Комендант гарнизона без лишних разговоров схватил винтовку, висевшую рядом с гамаком, и громовым голосом стал отдавать приказы подчиненным.
Через пять минут военная машина неслась к границе наперекор ветру, который заметал следы беглецов. Впереди, рядом с водителем, сидел сам комендант. Позади — голландец с бабкой, а на подножках с обеих сторон пристроились два вооруженных солдата.
Недалеко от городка они задержали колонну грузовиков, крытых брезентом. Какие-то люди, сидевшие в кузовах, приподняли брезент и наставили на военную машину пулеметы и винтовки с оптическим прицелом. Комендант спросил водителя головного грузовика, на каком расстоянии отсюда повстречался им фермерский грузовичок с птичьими клетками. Водитель рванул с места, не удостоив его ответом.
— Мы не стукачи, — бросил он на ходу, — мы — контрабандисты.
Перед самым носом коменданта проскочили один за одним закопченные стволы пулеметов.

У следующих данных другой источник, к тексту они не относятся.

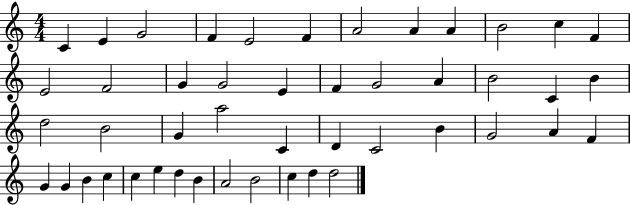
C4/q E4/q G4/h F4/q E4/h F4/q A4/h A4/q A4/q B4/h C5/q F4/q E4/h F4/h G4/q G4/h E4/q F4/q G4/h A4/q B4/h C4/q B4/q D5/h B4/h G4/q A5/h C4/q D4/q C4/h B4/q G4/h A4/q F4/q G4/q G4/q B4/q C5/q C5/q E5/q D5/q B4/q A4/h B4/h C5/q D5/q D5/h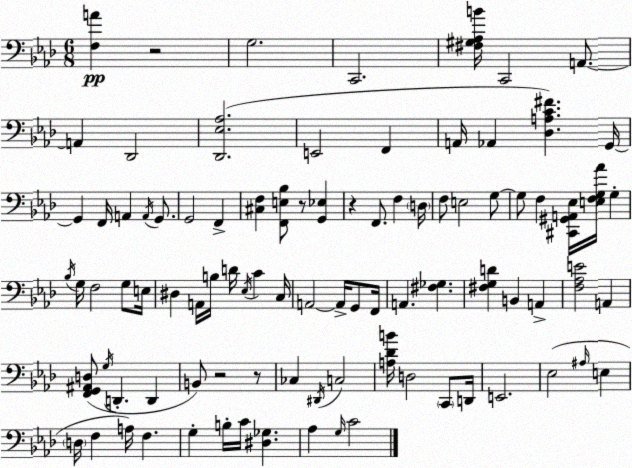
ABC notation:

X:1
T:Untitled
M:6/8
L:1/4
K:Fm
[F,A] z2 G,2 C,,2 [^F,^G,_A,B]/4 C,,2 A,,/2 A,, _D,,2 [_D,,_E,_A,]2 E,,2 F,, A,,/4 _A,, [_D,A,C^F] G,,/4 G,, F,,/4 A,, A,,/4 G,,/2 G,,2 F,, [^C,F,] [F,,E,_B,]/2 z/2 [G,,_E,] z F,,/2 F, D,/4 F,/2 E,2 G,/2 G,/2 F, [^C,,^G,,A,,_E,]/4 [E,F,G,_A]/4 G, _B,/4 G,/4 F,2 G,/2 E,/4 ^D, A,,/4 B,/4 D/4 _E,/4 C C,/4 A,,2 A,,/4 G,,/2 F,,/4 A,, [^F,_G,] [^F,G,D] B,, A,, [F,_A,E]2 A,, [F,,G,,^A,,D,]/2 G,/4 D,, D,, B,,/2 z2 z/2 _C, ^D,,/4 C,2 [A,_DB]/4 D,2 C,,/2 D,,/4 E,,2 _E,2 ^A,/4 E, D,/4 F, A,/4 F, G, B,/4 C/4 [^D,_G,] _A, G,/4 C2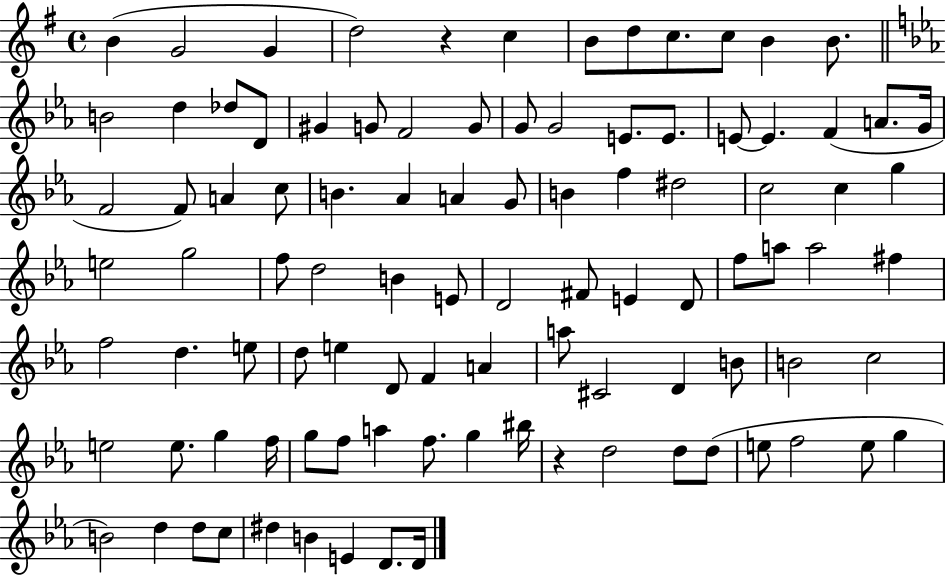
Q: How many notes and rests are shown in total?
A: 98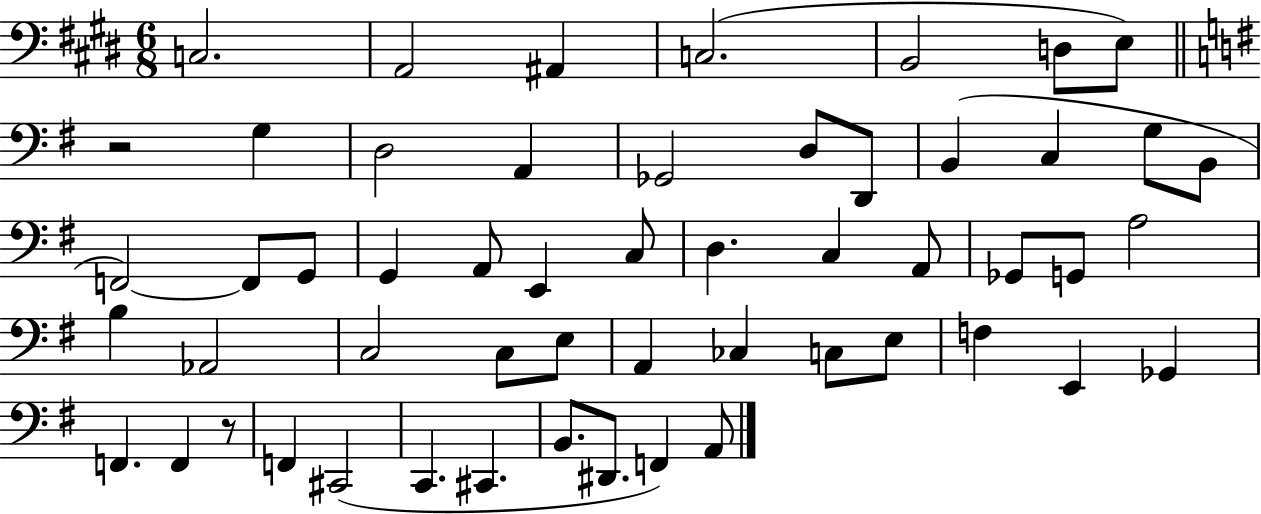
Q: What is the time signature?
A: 6/8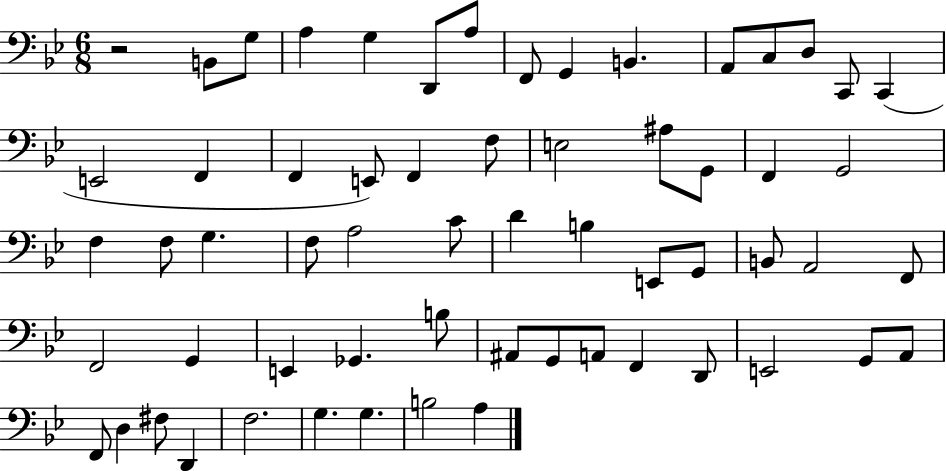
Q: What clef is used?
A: bass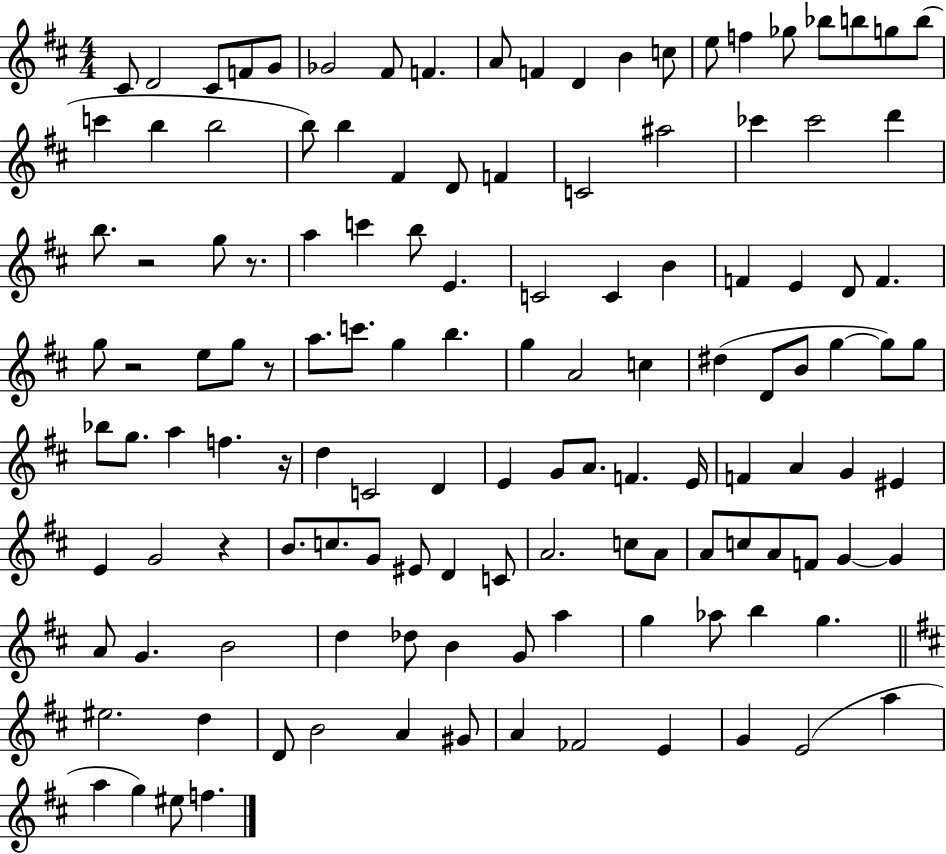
C#4/e D4/h C#4/e F4/e G4/e Gb4/h F#4/e F4/q. A4/e F4/q D4/q B4/q C5/e E5/e F5/q Gb5/e Bb5/e B5/e G5/e B5/e C6/q B5/q B5/h B5/e B5/q F#4/q D4/e F4/q C4/h A#5/h CES6/q CES6/h D6/q B5/e. R/h G5/e R/e. A5/q C6/q B5/e E4/q. C4/h C4/q B4/q F4/q E4/q D4/e F4/q. G5/e R/h E5/e G5/e R/e A5/e. C6/e. G5/q B5/q. G5/q A4/h C5/q D#5/q D4/e B4/e G5/q G5/e G5/e Bb5/e G5/e. A5/q F5/q. R/s D5/q C4/h D4/q E4/q G4/e A4/e. F4/q. E4/s F4/q A4/q G4/q EIS4/q E4/q G4/h R/q B4/e. C5/e. G4/e EIS4/e D4/q C4/e A4/h. C5/e A4/e A4/e C5/e A4/e F4/e G4/q G4/q A4/e G4/q. B4/h D5/q Db5/e B4/q G4/e A5/q G5/q Ab5/e B5/q G5/q. EIS5/h. D5/q D4/e B4/h A4/q G#4/e A4/q FES4/h E4/q G4/q E4/h A5/q A5/q G5/q EIS5/e F5/q.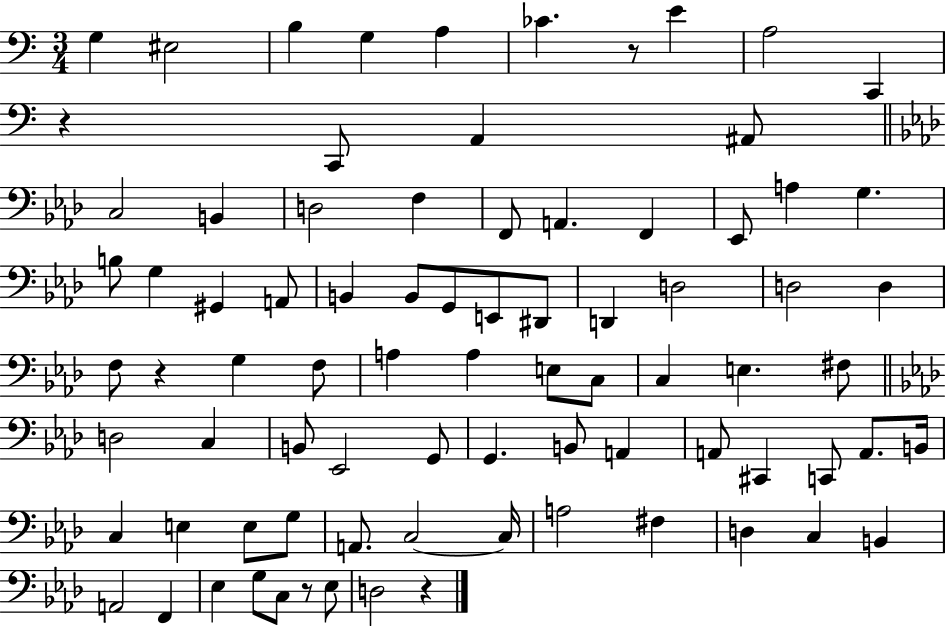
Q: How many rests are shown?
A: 5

Улыбнувшись, он воздел руки к небу.
— Стыдоба! — крикнул комендант вдогон. — Разъезжать среди белого дня!
На борту кузова последнего грузовика была выведена надпись: «Я мечтаю о тебе, Эрендира!»
Чем дальше военная машина удалялась к северу, тем суше становился ветер, а солнце, озлившись на ветер, палило так, что в машине с поднятыми стеклами нечем было дышать от жарищи и пыли.
Бабка первая углядела фотографа; он жал изо всех сил на педали явно с той же целью, с какой на предельной скорости неслась комендантская машина, и единственной защитой от солнечного удара служил ему носовой платок, повязанный на голове.
— Вот он! — крикнула бабка. — В сговоре с ними, ублюдок!